## Task instructions
From top to bottom, return the listing exactly as it appears, omitting its images.

## Data excerpt

'''

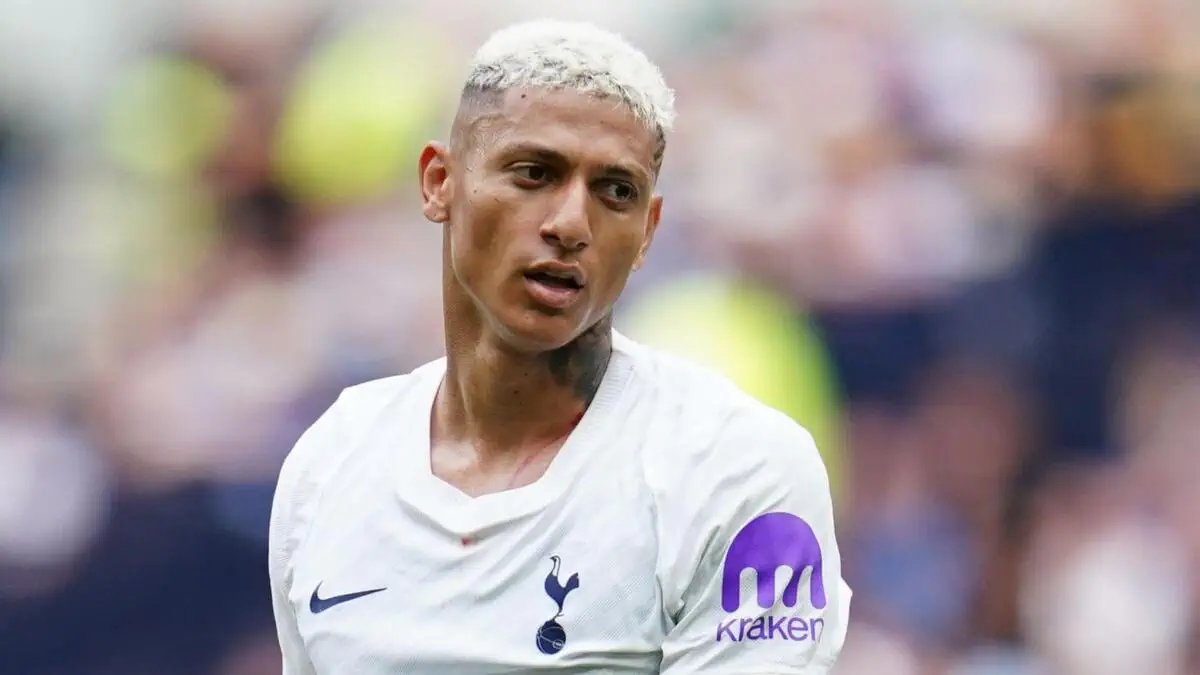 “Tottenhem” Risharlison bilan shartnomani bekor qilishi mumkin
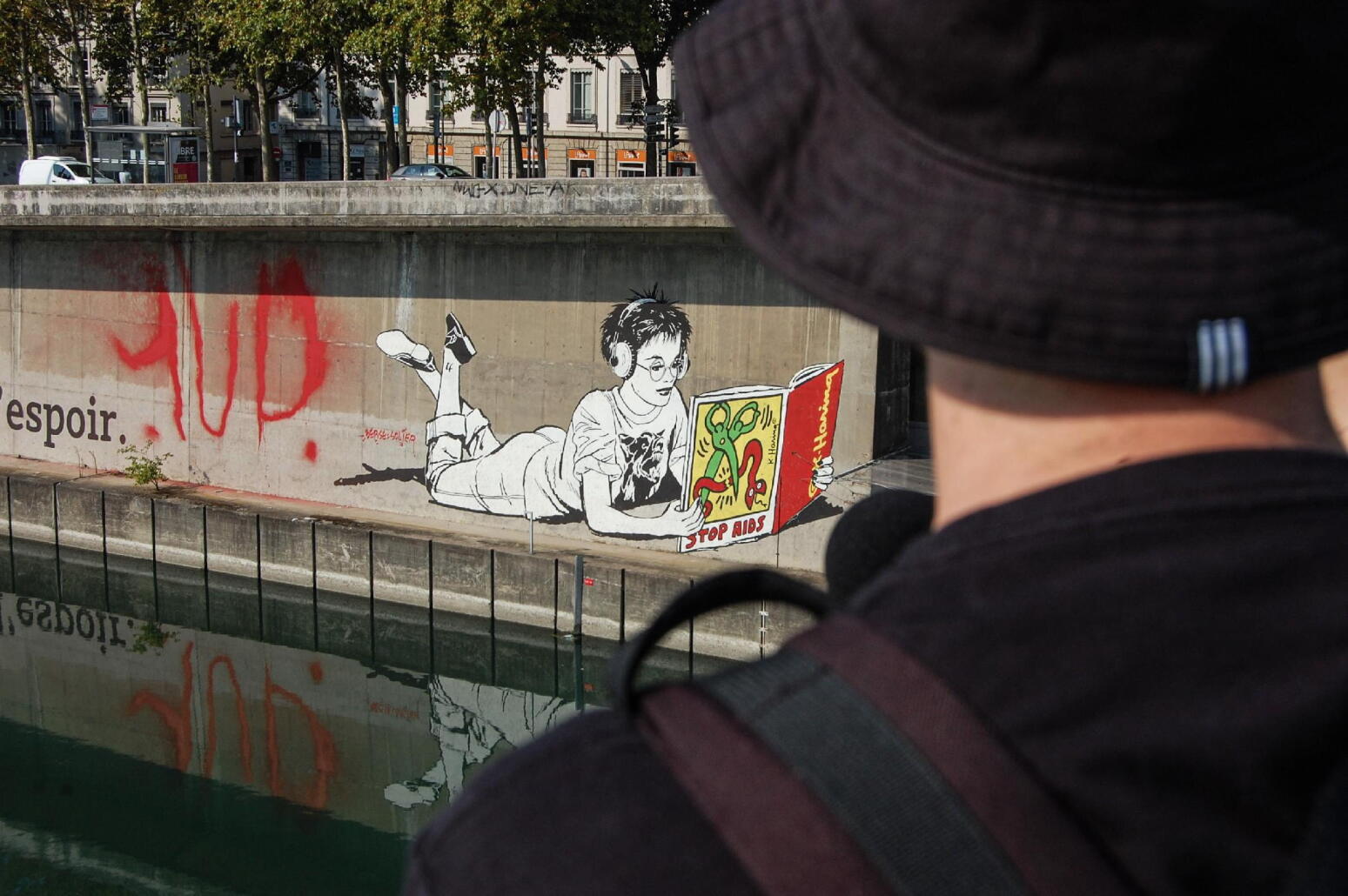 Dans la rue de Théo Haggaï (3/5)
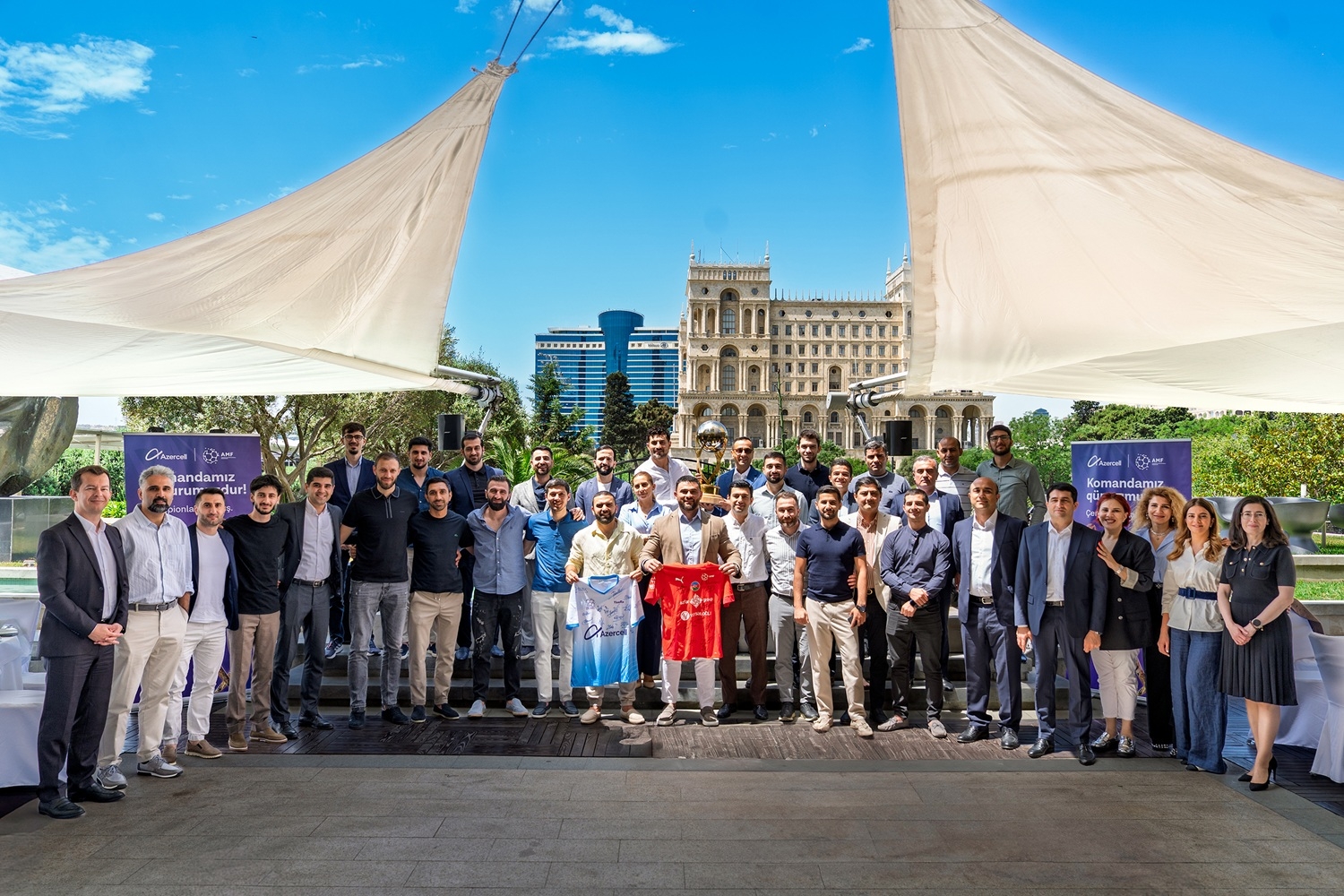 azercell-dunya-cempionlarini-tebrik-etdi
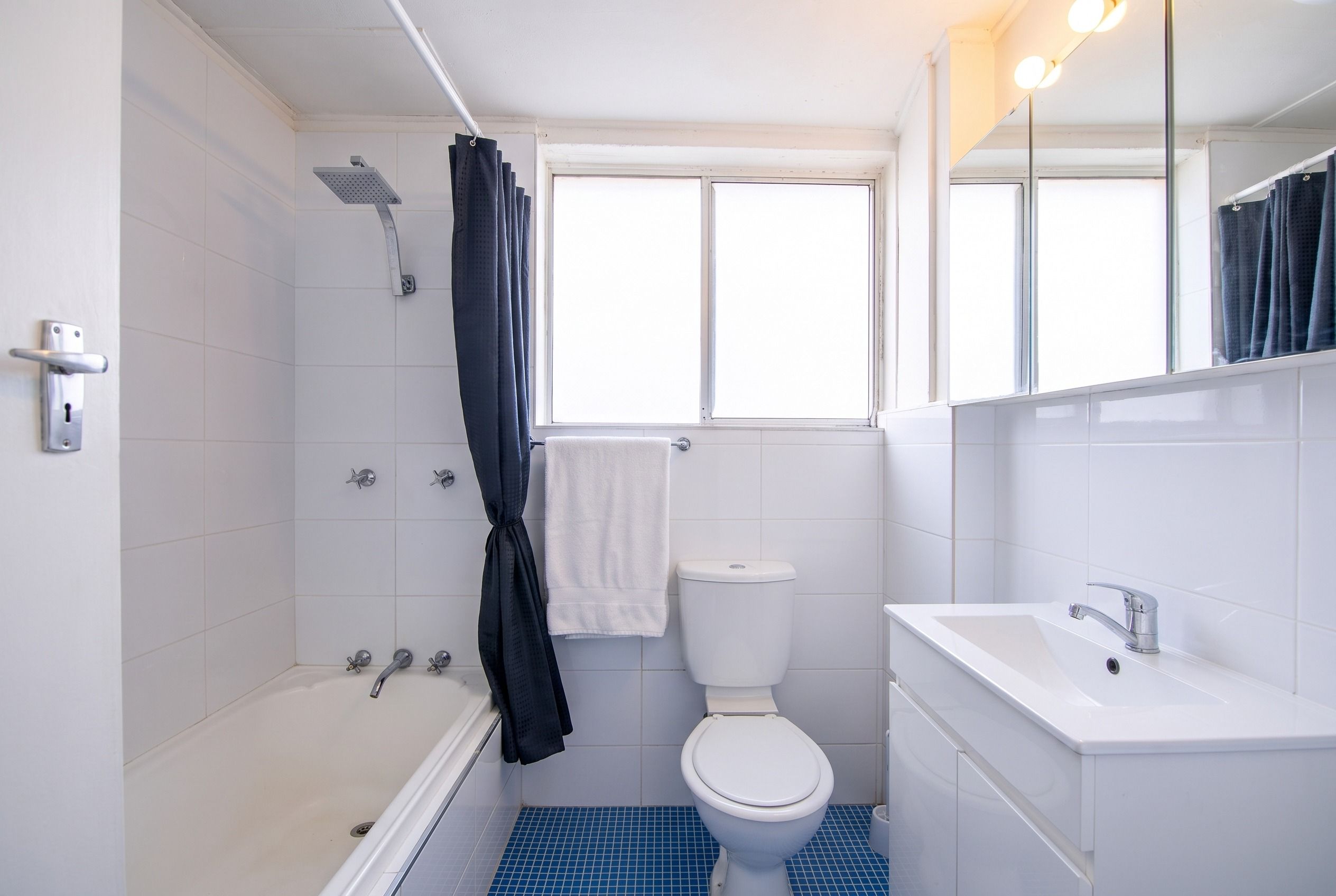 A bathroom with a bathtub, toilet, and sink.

'''

## Written response
 “Tottenhem” Risharlison bilan shartnomani bekor qilishi mumkin
 Dans la rue de Théo Haggaï (3/5)
 azercell-dunya-cempionlarini-tebrik-etdi
 A bathroom with a bathtub, toilet, and sink.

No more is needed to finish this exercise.